◆ **Information given**
━━━━

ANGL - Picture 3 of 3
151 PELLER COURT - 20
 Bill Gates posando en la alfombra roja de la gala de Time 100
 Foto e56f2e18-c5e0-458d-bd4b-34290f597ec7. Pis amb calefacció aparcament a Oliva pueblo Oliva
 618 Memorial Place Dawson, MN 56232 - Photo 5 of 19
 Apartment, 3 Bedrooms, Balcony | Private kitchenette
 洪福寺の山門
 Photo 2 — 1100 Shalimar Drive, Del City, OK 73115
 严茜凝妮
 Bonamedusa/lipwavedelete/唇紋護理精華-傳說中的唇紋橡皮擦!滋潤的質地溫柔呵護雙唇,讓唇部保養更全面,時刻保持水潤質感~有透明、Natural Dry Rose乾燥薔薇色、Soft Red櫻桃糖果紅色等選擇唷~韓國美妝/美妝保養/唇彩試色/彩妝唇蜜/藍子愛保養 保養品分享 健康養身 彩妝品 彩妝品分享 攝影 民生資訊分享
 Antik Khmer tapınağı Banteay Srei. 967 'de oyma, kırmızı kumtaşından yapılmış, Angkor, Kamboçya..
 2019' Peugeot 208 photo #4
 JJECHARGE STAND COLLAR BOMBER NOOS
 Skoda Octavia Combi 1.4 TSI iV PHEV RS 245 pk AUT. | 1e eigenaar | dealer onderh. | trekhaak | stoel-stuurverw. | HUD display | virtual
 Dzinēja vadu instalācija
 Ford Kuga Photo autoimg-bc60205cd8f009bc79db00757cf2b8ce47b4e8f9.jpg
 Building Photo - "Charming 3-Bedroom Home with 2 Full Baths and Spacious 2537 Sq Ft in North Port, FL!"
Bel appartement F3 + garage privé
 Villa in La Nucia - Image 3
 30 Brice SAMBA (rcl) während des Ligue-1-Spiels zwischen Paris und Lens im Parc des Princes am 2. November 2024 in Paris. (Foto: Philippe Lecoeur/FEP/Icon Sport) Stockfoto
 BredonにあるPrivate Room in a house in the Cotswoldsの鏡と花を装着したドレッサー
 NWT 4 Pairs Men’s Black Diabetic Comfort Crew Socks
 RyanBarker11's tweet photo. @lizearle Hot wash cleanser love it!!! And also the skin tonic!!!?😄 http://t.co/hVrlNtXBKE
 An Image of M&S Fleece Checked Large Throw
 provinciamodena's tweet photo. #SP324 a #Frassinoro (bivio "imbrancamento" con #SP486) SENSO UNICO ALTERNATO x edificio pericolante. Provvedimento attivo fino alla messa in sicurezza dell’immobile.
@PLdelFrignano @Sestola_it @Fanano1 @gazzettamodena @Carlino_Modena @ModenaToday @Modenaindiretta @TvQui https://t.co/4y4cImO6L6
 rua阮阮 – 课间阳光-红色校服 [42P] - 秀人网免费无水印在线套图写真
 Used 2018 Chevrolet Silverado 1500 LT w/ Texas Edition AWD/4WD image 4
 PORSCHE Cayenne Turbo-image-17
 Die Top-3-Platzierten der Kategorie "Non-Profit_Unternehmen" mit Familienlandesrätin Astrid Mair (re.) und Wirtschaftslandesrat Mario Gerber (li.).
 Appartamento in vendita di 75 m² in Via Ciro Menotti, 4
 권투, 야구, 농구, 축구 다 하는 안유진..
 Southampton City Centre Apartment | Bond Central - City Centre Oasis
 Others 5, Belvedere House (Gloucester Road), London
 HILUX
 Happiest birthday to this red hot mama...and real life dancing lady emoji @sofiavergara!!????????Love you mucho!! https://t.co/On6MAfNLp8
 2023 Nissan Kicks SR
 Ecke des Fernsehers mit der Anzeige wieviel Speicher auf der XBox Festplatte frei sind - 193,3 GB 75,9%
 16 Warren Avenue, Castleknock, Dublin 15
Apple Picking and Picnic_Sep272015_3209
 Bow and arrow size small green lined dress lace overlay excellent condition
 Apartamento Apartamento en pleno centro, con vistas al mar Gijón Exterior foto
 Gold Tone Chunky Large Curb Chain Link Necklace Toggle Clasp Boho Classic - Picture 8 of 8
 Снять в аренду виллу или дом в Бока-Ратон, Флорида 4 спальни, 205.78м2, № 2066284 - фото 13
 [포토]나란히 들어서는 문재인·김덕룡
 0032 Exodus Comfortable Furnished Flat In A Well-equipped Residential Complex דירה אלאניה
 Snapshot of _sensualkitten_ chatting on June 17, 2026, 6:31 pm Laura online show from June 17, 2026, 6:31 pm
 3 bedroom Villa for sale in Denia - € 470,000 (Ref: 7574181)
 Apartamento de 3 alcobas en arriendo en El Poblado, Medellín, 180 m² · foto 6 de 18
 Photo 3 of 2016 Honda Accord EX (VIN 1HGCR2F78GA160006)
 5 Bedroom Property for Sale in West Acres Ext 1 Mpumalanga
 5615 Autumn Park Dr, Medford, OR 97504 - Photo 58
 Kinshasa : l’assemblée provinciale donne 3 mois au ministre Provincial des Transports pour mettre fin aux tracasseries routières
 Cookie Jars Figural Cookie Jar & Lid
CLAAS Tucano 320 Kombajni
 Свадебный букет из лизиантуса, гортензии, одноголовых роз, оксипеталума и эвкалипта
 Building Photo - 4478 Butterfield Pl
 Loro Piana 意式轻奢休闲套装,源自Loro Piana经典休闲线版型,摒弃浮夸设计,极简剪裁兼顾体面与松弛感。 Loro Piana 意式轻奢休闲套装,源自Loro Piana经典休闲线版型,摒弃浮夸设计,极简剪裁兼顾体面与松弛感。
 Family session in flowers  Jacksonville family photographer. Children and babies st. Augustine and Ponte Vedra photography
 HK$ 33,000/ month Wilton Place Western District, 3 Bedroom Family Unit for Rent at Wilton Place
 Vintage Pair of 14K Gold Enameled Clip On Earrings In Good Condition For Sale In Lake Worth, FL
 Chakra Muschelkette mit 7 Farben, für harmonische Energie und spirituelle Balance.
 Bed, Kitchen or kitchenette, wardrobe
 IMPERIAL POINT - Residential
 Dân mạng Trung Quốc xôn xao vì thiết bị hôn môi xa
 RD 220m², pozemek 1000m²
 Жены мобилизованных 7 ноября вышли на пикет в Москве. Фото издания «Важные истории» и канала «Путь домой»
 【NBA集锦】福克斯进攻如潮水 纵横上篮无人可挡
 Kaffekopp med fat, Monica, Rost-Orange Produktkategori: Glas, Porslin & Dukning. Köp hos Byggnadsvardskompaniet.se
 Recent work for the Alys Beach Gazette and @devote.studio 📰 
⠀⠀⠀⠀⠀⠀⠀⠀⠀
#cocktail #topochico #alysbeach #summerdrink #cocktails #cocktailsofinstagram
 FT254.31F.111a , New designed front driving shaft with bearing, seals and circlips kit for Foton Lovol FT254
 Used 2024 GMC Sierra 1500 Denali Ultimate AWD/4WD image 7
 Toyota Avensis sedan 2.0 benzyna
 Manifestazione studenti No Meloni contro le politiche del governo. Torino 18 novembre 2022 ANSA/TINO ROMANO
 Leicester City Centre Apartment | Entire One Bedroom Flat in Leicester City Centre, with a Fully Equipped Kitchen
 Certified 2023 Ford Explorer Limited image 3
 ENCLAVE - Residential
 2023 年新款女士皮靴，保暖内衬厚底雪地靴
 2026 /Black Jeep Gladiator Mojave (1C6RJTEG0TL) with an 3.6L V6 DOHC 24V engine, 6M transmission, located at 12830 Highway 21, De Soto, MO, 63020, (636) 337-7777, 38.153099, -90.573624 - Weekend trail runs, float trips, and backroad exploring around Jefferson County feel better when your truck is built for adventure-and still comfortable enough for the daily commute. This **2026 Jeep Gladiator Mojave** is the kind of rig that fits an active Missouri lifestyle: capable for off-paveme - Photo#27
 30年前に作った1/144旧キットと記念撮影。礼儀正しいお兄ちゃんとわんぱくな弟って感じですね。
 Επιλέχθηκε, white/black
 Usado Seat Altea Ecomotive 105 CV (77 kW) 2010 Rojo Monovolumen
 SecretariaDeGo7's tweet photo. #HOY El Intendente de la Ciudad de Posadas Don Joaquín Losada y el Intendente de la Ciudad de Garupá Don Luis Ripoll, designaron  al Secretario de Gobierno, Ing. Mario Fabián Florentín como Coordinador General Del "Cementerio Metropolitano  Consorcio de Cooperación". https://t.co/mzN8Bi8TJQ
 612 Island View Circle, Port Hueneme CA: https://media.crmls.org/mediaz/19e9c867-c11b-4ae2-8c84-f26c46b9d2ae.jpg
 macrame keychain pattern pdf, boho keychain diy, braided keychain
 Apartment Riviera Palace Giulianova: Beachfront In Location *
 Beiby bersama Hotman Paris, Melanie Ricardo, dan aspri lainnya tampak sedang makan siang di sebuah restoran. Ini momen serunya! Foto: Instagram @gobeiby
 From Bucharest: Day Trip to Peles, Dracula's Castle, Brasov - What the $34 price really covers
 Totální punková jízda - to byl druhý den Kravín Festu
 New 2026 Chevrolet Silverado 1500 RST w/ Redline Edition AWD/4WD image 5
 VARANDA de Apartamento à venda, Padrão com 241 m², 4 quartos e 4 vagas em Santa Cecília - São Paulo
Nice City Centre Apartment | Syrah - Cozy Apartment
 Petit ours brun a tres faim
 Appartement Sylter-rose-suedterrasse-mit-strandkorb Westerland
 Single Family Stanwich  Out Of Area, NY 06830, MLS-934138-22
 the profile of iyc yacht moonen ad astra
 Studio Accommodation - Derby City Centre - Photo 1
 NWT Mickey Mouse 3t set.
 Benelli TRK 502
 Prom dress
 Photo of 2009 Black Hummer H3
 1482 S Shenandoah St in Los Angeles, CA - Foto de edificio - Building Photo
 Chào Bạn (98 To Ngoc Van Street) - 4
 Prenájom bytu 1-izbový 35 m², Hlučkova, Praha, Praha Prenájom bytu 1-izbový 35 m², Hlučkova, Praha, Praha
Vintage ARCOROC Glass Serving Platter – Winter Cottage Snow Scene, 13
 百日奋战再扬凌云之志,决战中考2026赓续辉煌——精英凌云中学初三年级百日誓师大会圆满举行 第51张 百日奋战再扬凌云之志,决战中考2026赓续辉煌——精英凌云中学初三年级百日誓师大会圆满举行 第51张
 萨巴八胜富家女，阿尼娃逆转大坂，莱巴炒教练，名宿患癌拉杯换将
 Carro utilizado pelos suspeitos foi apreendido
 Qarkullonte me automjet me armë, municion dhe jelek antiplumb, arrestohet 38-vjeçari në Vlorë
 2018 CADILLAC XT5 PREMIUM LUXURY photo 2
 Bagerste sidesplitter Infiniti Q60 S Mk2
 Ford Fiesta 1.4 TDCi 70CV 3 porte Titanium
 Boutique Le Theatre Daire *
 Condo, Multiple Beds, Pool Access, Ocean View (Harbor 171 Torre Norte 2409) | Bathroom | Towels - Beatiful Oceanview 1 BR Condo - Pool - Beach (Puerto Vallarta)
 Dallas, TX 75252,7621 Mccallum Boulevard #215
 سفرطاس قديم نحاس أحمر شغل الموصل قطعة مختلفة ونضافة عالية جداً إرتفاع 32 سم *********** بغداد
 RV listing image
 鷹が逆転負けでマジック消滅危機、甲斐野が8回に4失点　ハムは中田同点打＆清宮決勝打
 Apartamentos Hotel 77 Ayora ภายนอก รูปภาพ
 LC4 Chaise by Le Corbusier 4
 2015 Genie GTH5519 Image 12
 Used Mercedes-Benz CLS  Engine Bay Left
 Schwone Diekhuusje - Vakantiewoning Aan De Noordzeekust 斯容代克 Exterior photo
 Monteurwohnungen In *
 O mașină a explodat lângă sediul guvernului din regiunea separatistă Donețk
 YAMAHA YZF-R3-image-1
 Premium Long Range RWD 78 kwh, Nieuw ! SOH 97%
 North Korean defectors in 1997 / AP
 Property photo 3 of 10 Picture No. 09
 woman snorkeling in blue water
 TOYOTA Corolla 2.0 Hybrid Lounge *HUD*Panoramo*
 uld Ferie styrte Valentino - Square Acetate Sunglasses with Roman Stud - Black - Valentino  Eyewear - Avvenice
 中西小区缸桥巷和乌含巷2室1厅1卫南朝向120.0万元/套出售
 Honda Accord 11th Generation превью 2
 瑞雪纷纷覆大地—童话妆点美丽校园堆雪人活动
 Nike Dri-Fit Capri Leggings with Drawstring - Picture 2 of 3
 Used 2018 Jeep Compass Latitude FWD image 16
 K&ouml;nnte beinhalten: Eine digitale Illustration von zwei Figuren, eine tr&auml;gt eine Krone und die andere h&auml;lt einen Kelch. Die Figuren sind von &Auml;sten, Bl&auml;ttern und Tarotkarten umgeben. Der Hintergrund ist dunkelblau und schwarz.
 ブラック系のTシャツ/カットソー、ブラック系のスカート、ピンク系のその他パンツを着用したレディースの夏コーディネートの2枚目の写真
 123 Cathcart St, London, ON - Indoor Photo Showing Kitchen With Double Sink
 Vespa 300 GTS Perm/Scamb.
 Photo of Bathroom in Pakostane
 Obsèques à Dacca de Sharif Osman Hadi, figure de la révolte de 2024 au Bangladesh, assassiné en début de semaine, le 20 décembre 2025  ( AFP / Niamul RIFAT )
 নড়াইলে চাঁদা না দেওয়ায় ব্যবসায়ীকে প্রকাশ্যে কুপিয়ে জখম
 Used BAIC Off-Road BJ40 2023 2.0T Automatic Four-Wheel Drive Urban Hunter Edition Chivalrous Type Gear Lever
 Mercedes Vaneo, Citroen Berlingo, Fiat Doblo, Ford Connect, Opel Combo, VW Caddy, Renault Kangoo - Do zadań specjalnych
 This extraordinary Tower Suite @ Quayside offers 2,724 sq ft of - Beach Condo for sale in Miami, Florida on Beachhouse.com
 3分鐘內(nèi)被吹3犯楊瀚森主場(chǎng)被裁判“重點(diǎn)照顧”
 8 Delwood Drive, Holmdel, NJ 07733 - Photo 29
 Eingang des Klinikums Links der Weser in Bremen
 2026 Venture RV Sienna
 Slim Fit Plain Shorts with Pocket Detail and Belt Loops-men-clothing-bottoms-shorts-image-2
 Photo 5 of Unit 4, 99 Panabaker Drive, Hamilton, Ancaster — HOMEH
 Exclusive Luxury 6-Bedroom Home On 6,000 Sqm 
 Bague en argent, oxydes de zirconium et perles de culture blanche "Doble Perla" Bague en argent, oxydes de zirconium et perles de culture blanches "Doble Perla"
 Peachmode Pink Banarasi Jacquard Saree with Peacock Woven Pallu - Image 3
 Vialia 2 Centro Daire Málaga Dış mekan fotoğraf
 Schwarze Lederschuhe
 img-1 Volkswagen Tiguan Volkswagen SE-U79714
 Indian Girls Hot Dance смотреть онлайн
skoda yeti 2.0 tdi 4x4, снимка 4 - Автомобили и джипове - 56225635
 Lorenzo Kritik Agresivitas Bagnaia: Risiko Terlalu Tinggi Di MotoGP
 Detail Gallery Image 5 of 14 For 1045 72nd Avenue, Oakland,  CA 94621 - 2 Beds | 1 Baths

━━━━

◆ **Requirement**
Beginning at the line containing "Lorenzo Kritik Agresivitas", repeat each line exactly through the last line of the entries, and include no other lines.

◆ **Solution**
 Lorenzo Kritik Agresivitas Bagnaia: Risiko Terlalu Tinggi Di MotoGP
 Detail Gallery Image 5 of 14 For 1045 72nd Avenue, Oakland,  CA 94621 - 2 Beds | 1 Baths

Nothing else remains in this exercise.